From, the ultimate progressive rock music website

3 stars Another gem destined, I fear, to obscurity were it not for the benevolence, brilliance and imagination of the boys at Bravo, Sunhillow! You are a god! Pairing David Drury's church organ play with Brooke Shelley's female choral/operatic vocals seems natural--for church music. But then you mix in the standard rock instrumentation (drums, electric bass and electric guitar) and you get an unusual and challenging mix. The choice to creating prog/goth rock was made and, though the organ and vocal can at times feel separate from the electric side, overall the church- and medieval- feeling melodies and sounds mix extremely well with the rock elements. I must admit that I half expected the clichéd Captain Nemo/Phantom of The Opera 'crazed organ' sound (it's there a few times, like in "Wachet Auf") but, no! The organ is often actually rather quiet or in the background--not even as prominent as Rick Wakeman used it in the YES-classic, "Awaken." The electric guitar is, surprisingly, the one instrument that is, unfortunately, mixed as if 'outside' the rest of the band, otherwise Resonaxis has managed the formidable achievement of making their odd mix of instruments feel quite natural and perfectly suited for one another.

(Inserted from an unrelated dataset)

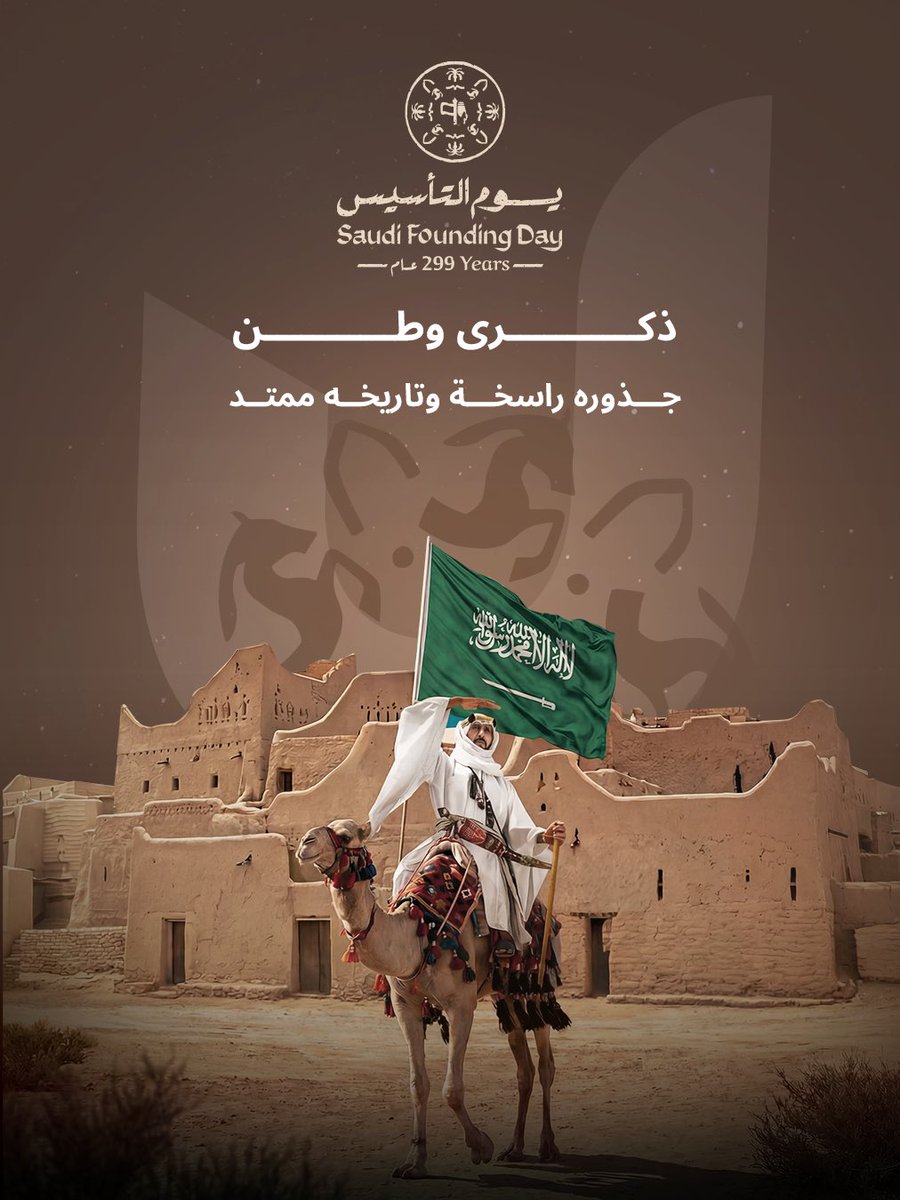 صيدلية المتحدة tweet media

While I find myself quite liking all of the album's songs, the standouts for me are:

The graphic lyrics and catchy melodies of "Monsignor Loss" (4:47) (8/10), the FRIPP-like guitar arpeggios and harmonized male and female vocal weave throughout "Hymn 8" (4:00) (9/10), "Wachet Auf" (4:07) (8/10), "Deathdamp Allemande" (3:50) (8/10), the STEROLAB- like "Circles" (3:24) (8/10), the almost blasphemous church/sacred feeling, guitar infused, "Mysterium" (5:06) (9/10) (beautiful vocal!), the vocal melody and performance of "Chorus Angelorum" (8/10), the guitar and organ work in "Dustward" (4:25), and the awesome electric guitar chord play (including a 50 second solo intro) and amazing second voice harmonizing in a very church-like way on "Akasha" (4:55) (9/10).

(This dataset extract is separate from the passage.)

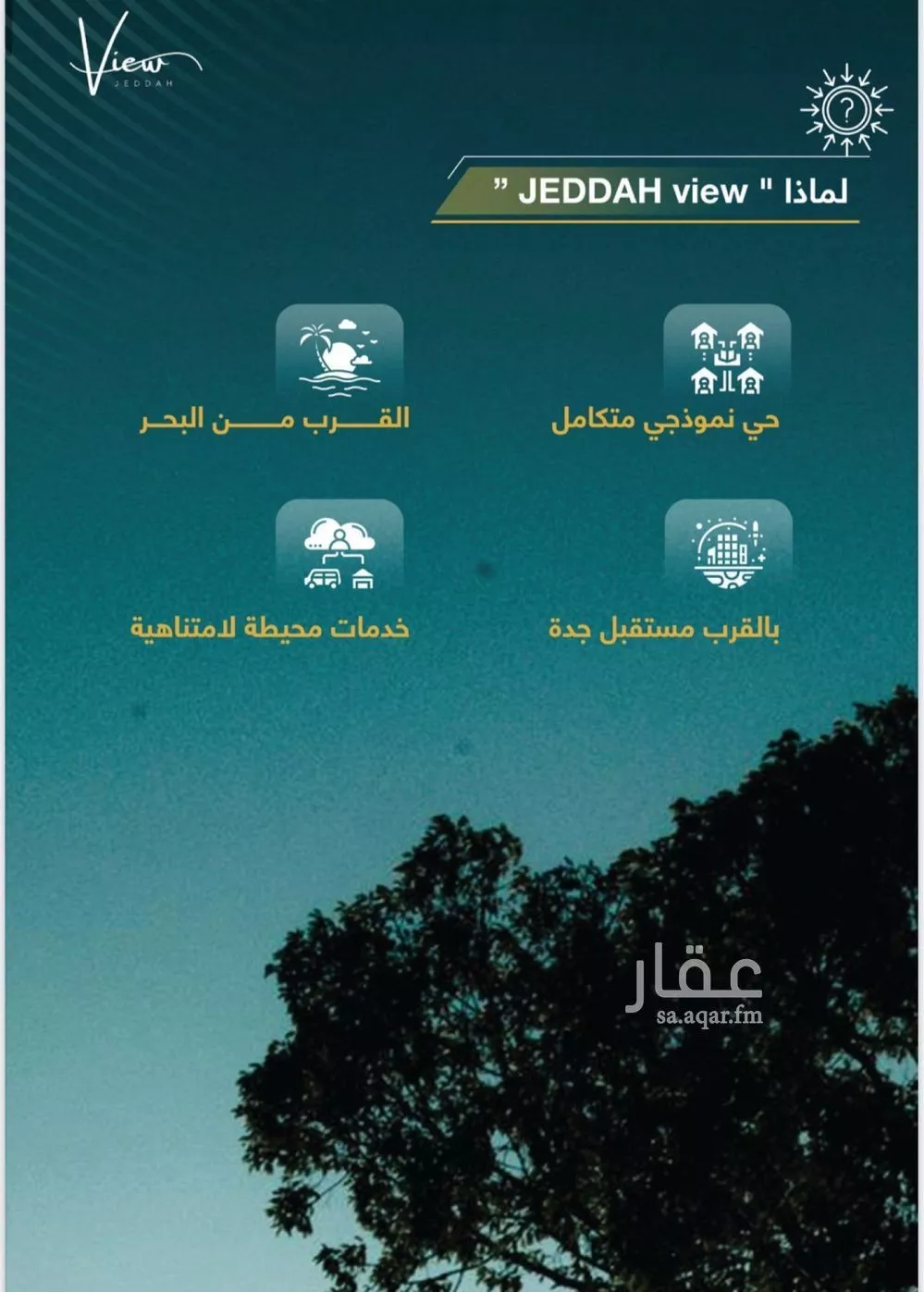 شقة 4 غرف في الصوارى 4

I would love to see some more intricate and adventurous organ play from this maestro--who is obviously well-esteemed if he was the inspiration for Brooke's desire to put together a record. His play is solid and presents a wonderful and unusual backdrop to the music here (except on "Akasha"), but there are really no flashy soli or intricate weaves of multiple keyboard lines. One can only hope that in the future . . .

In the meantime, this is a solid three-plus star effort: an excellent listen for any adventurous prog lover!